Hollywood myths harming the whole world: Ken O’Keefe
Press TV – February 3, 2013
A prominent human rights activist says Hollywood films and other media portray a false account of US history, perpetuating great harm to Americans and the rest of the world.
On the latest episode of Press TV’s Cinepolitics, panelists discuss Hollywood’s impact on global politics and society, with a particular examination of Steven Spielberg’s use of psychological manipulation and disinformation in his recent film “Lincoln”.
Press TV has conducted an interview with Ken O’Keefe, human rights activist, to further discuss the issue. O’Keefe is joined by Maria Duarte, a film critic with The Morning Star. The following is a rough transcription of the interview.
Press TV: How accurate was this portrayal?
O’Keefe: It was another nauseating example of Hollywood propaganda and it really has no resemblance to the truth.
In fact, there was another Lincoln movie that came out earlier that year, Lincoln the Vampire Slayer, and I reckon that there was just about as much – I’m not kidding when I say there’s just about as much evidence to support Lincoln as a vampire slayer as there is about him wanting the end of slavery and freeing black people. There’s no historical truth to that whatsoever.
Lincoln’s life is a testament to the fact that he was a man of his time. He used the word n***** repeatedly in his life. He never had any kind of an epiphany and changed his perspective.
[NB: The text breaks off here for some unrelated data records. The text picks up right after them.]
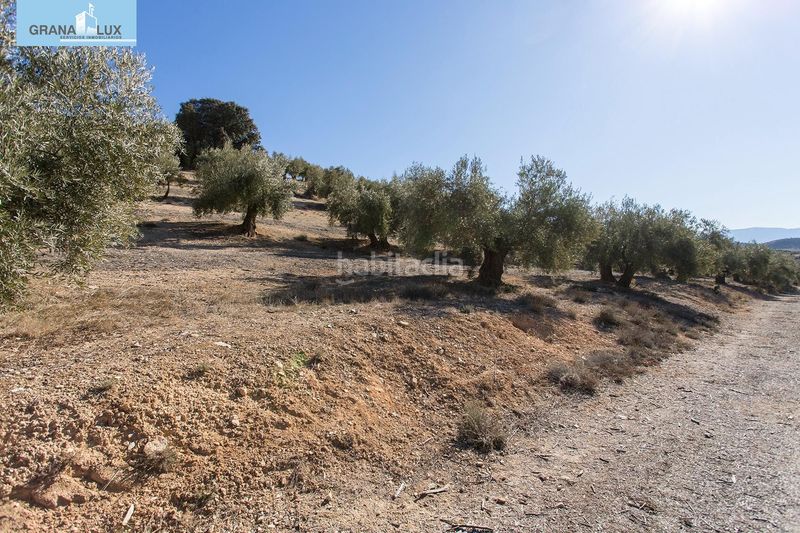 Foto f4e2a166-c8e3-407e-bbca-2b10dfc9ff30. Finca rústica a Campotéjar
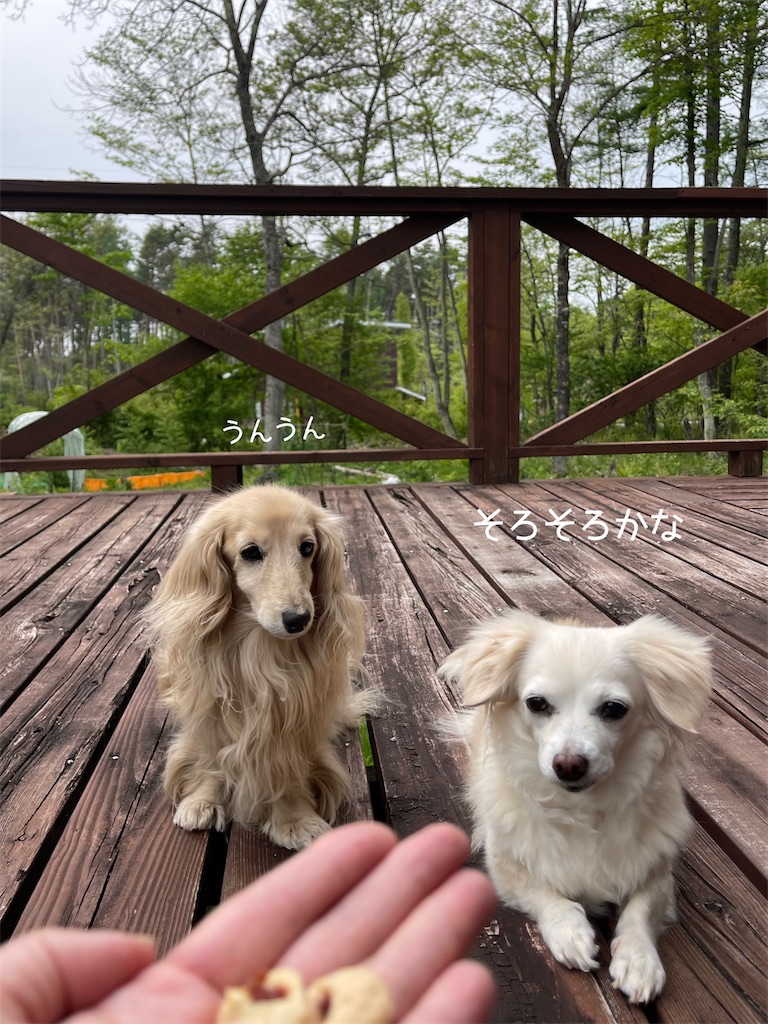 f:id:captaindog082:20220520191436j:image
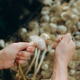 Hands cleaning fresh organic garlic after harvest Hands cleaning fresh organic garlic after harvest - PhotoDune Item for Sale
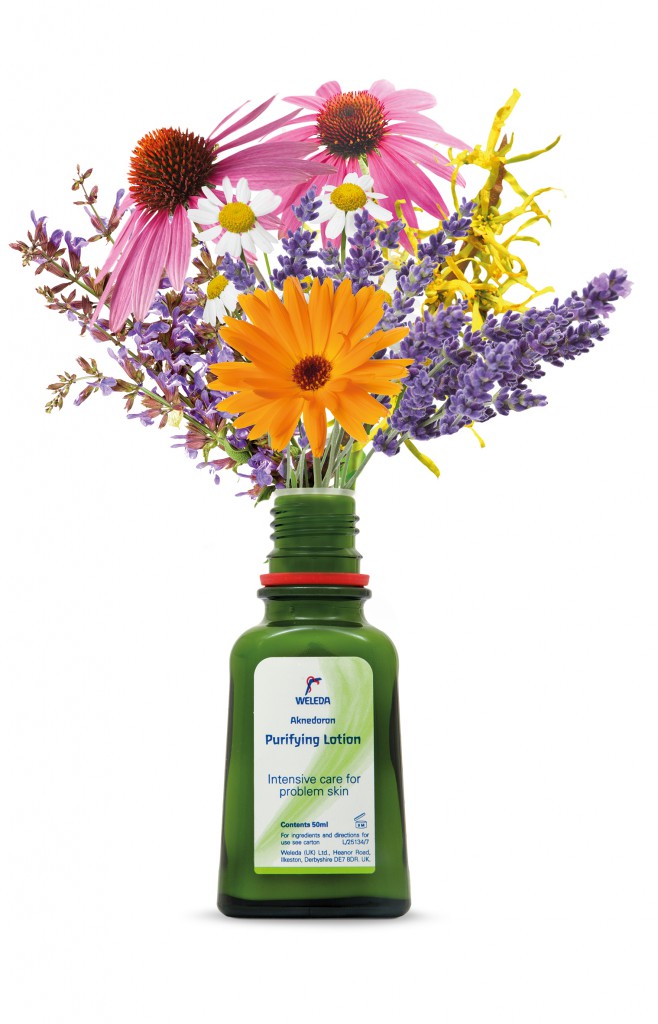 Beauty Spotlight: Weleda Aknedoron Purifying Lotion.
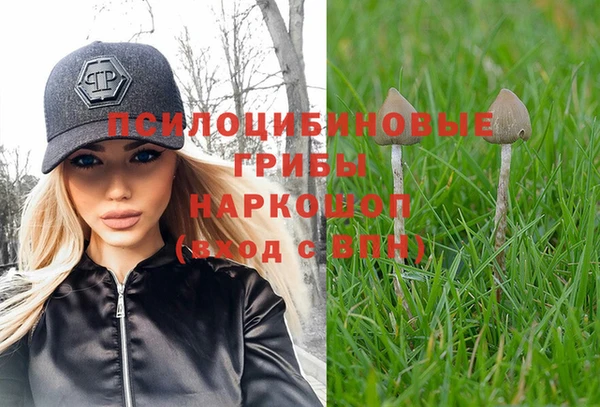 гидропоника Алексеевка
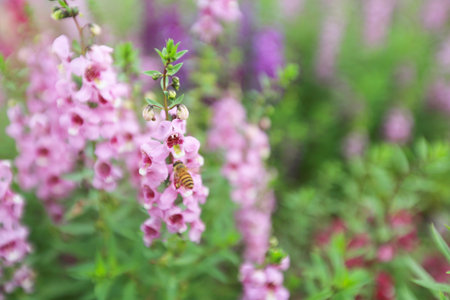 a Purple Angelonia flower in garden. Vintage toneの写真素材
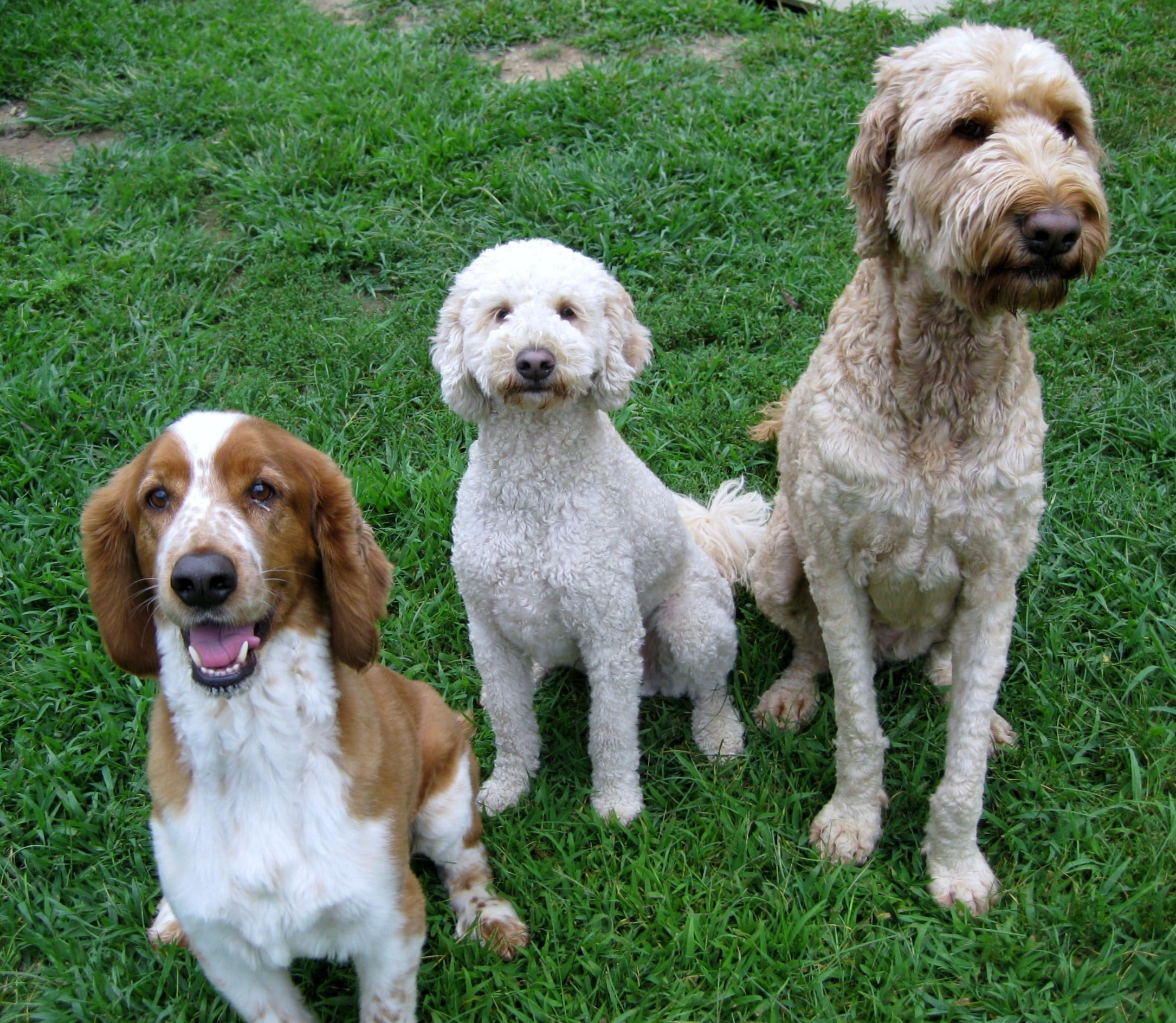 ¿Vas a introducir un tercer perro en casa? ¡Sigue estos seis consejos para lograrlo con éxito!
He never cared anything about freeing the slaves.
This was all about concentrating power, maintaining the union and concentrating more power in the Federal government.
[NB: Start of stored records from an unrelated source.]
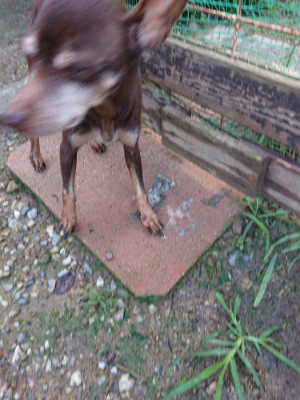 f:id:roukenhome-ann:20190824120054j:plain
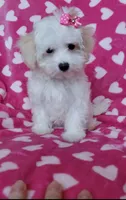 Daisy, a female Maltipoo for sale in Crestview, FL – 9 of 10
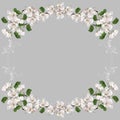 Oval-shaped art frame with apple flowers Royalty Free Stock Photo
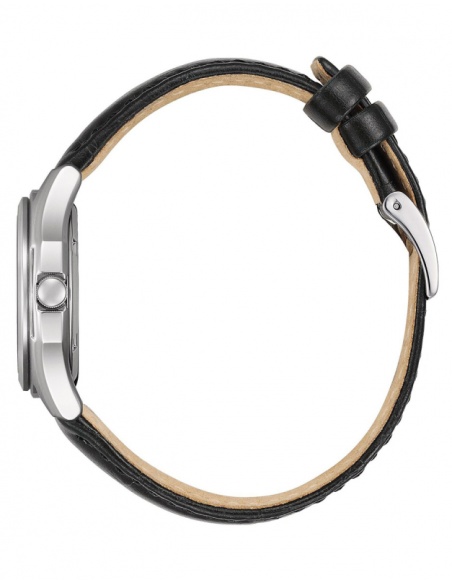 Ceas de damă Citizen Eco-Drive FE2110-14E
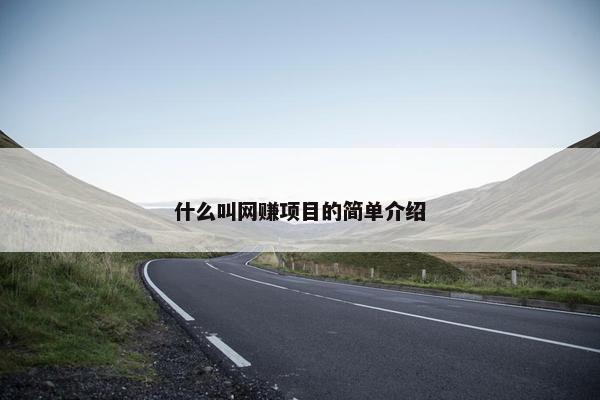 什么叫网赚项目的简单介绍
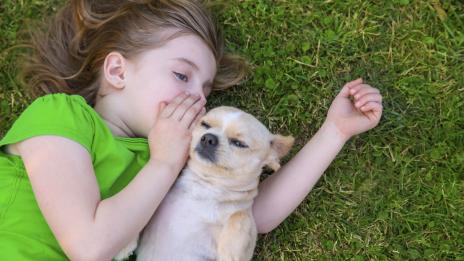 Защо детето ви трябва да има домашен любимец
The implications of that bloody war, Civil War, and concentration of power into the Federal government, we see to this very day. That’s why I’m not going to forgive Spielberg or the propagandists of Hollywood for this kind of junk because it perpetuates myths that cause great harm in this world.
Press TV: I have a letter from president [Lincoln] himself to Horace Greeley where he says, “My paramount object in this struggle is to save the union; it is not either to save or to destroy slavery.” He goes on to say, “What I do about slavery and the colored race I do because I believe it helps to save this union.”
…Do you think that this Lincoln movie corrects his image? -Because historically, I believe that he was shown as a villain.
O’Keefe: Well, there’s no question that in America there’s a cult surrounding the mythological Lincoln and it protects him very, very well.
I suppose there are many important reasons why the powers that be want to maintain this myth because the American people in general don’t want to face many facts about their country. Hell, they’re not even able to understand the fact that it’s not actually a democracy; it’s a republic.
Under a republic, the states are supposed to have rights.
In fact, the Federal government – the original founding fathers envisioned the United States of America, i.e. nation states of America, was that the states would be able to determine their own political reality and that the Federal government would only have so much power as would be required for it to maintain certain duties.
Instead, what we have, and that’s where the implications of this film are quite so profound, is the beginning of the concentration of power to the point that we see the American empire now at this point in time running roughshod over the world.
If that Federal government had been kept in check and the states had been allowed to make up their own minds and decisions, slavery would have ended. Let us not mistake the fact that America’s the only nation in the world that had a bloody civil war that had to deal with slavery.
Every other country in the world managed to do this without such a bloody war. They did it before the United States, as well.
Lincoln was not this great emancipator.
In fact, the Emancipation Proclamation did not free any slaves at all. It only provided the means for slaves in the South that were rebelling against the Union because they were trying to increase taxes and so on and so forth. That’s the only people that it dealt with.
It didn’t do anything to free the slaves up North, and there were slaves there as well.
Really, there’s just so many myths. Again, the implications of maintaining these myths is that the American people and others around the world continue to be in the dark about the real reality of American history. I think that’s an important subject for us to be aware of.
Press TV: Ken, what do you think about that scene [in the beginning of the movie]?
O’Keefe: It was a noxious scene, and it was the first scene in the film.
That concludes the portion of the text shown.